Casher respondió con su mente: desplegó los muchos mundos, la Vieja Tierra, el Planeta de las Gemas; Olimpia, de los arroyos ciegos; Henriada, el Planeta de las Tormentas, y mil otros sitios que la mayoría de la gente sólo conocía por leyendas y sueños. Y luego, sólo por un instante, le mostró quién era él, nativo de Mizzer que se había convertido en ciudadano del universo. Un luchador transformado en hacedor. Le hizo saber que en la mente poseía los poderes de T'ruth, la niña-tortuga, y también las personalidades de la Hechicera de Gonfalón.

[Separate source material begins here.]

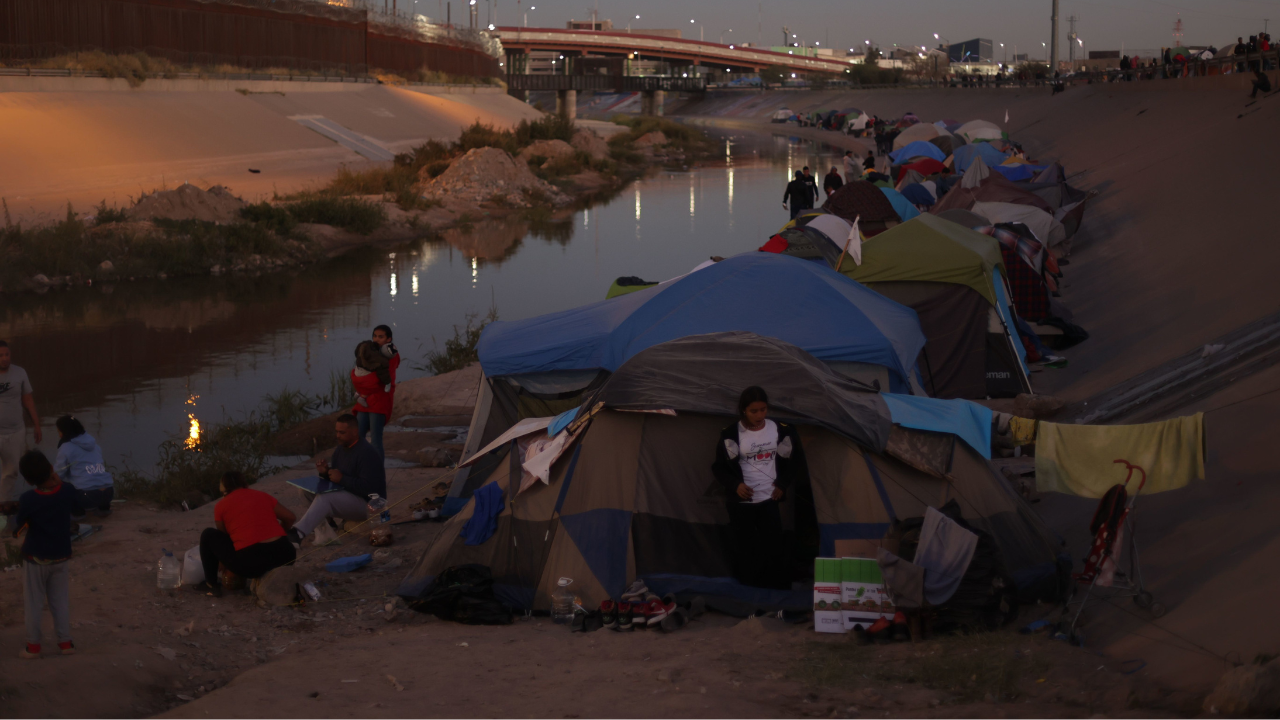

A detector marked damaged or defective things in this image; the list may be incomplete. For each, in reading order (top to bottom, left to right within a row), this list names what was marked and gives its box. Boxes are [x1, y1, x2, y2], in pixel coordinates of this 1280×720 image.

rusty steel border fence [0, 0, 504, 77]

Le permitió ver naves que giraban en el cielo mientras luchaban contra la nada, porque su mente, u otra mente que se había vuelto suya, les había ordenado hacerlo.

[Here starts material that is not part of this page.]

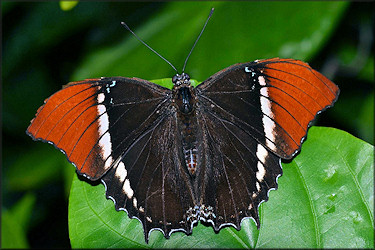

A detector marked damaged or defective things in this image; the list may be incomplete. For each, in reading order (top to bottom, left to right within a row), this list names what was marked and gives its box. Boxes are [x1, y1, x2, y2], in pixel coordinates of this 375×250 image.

rusty-tipped page butterfly [25, 7, 340, 242]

Y con la conmoción de una visión repentina, Casher proyectó los dos maderos, la imagen del hombre agonizante. Y despacio, pero con la sencilla retórica de la fe profunda, declaró:

—Ésta es la invocación del Primer Prohibido y el Segundo Prohibido y el Tercer Prohibido. Éste es el símbolo del Signo del Pez. Por él abandonarás esta ciudad e irás conmigo, y quizá lleguemos a ser amantes.

—Y yo —dijo P'alma a sus espaldas—, me quedaré en esta ciudad.

Casher se volvió hacia ella.

—P'alma, si has llegado hasta aquí, tienes que ir más lejos.

—No puedo, mi señor, cumplo con mi deber paso a paso. Si las autoridades que me enviaron me necesitan, me mandarán de vuelta a lavar platos en Pontoppidan. De lo contrario, me dejarán aquí. Provisionalmente soy bella, rica y feliz, y no sé qué hacer conmigo misma, pero sé que te he visto hasta donde puedo verte. Que el Signo del Pez sea contigo.

Howard se mantenía aparte, sin ayudar ni interferir.

Celalta caminaba junto a Casher como un animal salvaje a guíen han capturado por primera vez.

Casher O'Neill no le soltaba la muñeca.

—¿Necesitamos alimentos para el viaje? —le preguntó a Howard.

—Nadie sabe lo que necesitáis.

—¿Deberíamos llevar comida?

—No veo por qué —dijo Howard—. Tenéis agua. Siempre podéis regresar a la ciudad si algo os va mal. En realidad no queda muy lejos.

—¿Me rescatarás?

—Si insistes en ello —dijo Howard—. Supongo que en alguna parte saldrá gente y te traerá de vuelta, pero no creo que insistas en ello: vas al Hondo Lago Seco de la Maldita Irene, y la gente que entra allí no quiere salir; no quiere comer; no quiere avanzar. Nunca hemos visto a nadie desaparecer por el otro lado, pero quizá tú lo consigas.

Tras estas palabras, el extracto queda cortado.